Look for "Vintage handmade white" in the entries below. Write out that line and all later lines exactly, ending with the final one.

======== DATA TO EXAMINE

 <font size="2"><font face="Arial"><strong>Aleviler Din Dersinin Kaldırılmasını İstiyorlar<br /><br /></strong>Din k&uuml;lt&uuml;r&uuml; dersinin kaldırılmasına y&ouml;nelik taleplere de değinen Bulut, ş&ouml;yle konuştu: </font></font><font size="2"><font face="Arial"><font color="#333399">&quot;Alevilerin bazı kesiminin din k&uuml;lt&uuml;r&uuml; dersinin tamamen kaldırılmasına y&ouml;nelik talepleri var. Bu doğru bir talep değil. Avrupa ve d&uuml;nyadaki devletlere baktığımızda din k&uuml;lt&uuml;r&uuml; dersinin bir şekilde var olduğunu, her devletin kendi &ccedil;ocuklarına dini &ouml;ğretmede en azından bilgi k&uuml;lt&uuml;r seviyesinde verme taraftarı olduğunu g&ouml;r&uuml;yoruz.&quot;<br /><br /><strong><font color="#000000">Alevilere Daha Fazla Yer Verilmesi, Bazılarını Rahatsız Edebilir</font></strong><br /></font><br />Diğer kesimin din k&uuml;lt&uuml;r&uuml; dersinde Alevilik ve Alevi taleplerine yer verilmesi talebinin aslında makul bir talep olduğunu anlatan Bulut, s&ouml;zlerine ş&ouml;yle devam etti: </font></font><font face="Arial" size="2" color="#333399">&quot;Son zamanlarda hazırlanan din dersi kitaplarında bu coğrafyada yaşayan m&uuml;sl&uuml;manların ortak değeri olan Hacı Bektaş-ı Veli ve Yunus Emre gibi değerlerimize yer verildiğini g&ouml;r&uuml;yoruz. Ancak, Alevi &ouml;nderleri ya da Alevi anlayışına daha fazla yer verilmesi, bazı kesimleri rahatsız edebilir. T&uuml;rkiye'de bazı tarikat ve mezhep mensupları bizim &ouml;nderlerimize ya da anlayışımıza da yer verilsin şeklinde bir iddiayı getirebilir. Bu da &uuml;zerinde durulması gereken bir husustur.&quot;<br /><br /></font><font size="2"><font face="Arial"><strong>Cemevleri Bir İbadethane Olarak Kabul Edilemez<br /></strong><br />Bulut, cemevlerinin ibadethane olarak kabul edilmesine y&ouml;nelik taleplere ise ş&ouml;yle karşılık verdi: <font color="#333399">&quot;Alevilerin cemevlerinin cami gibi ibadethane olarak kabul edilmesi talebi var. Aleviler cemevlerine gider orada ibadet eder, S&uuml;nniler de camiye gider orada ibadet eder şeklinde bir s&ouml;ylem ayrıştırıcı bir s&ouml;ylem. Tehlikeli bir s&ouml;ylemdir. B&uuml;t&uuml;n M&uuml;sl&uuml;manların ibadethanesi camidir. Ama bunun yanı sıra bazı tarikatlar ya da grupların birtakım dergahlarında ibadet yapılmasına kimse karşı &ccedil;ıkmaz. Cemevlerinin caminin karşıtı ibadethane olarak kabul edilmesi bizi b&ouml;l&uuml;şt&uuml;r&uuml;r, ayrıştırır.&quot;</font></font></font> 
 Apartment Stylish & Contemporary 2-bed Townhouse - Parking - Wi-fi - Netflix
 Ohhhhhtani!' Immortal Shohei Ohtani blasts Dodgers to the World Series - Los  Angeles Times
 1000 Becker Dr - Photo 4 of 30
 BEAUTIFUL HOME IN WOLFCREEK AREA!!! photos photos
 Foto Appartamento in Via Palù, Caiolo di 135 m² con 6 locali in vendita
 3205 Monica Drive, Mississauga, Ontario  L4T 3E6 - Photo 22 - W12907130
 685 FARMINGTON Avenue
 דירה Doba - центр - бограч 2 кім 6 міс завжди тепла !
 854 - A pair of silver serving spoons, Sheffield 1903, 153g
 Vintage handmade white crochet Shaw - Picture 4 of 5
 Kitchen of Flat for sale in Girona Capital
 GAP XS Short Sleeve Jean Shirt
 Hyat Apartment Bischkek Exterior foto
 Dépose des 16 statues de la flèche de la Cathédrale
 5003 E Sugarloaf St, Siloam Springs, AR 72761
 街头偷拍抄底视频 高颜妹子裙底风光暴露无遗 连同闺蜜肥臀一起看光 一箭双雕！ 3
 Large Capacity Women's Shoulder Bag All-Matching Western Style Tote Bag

================

● YOUR RESPONSE
 Vintage handmade white crochet Shaw - Picture 4 of 5
 Kitchen of Flat for sale in Girona Capital
 GAP XS Short Sleeve Jean Shirt
 Hyat Apartment Bischkek Exterior foto
 Dépose des 16 statues de la flèche de la Cathédrale
 5003 E Sugarloaf St, Siloam Springs, AR 72761
 街头偷拍抄底视频 高颜妹子裙底风光暴露无遗 连同闺蜜肥臀一起看光 一箭双雕！ 3
 Large Capacity Women's Shoulder Bag All-Matching Western Style Tote Bag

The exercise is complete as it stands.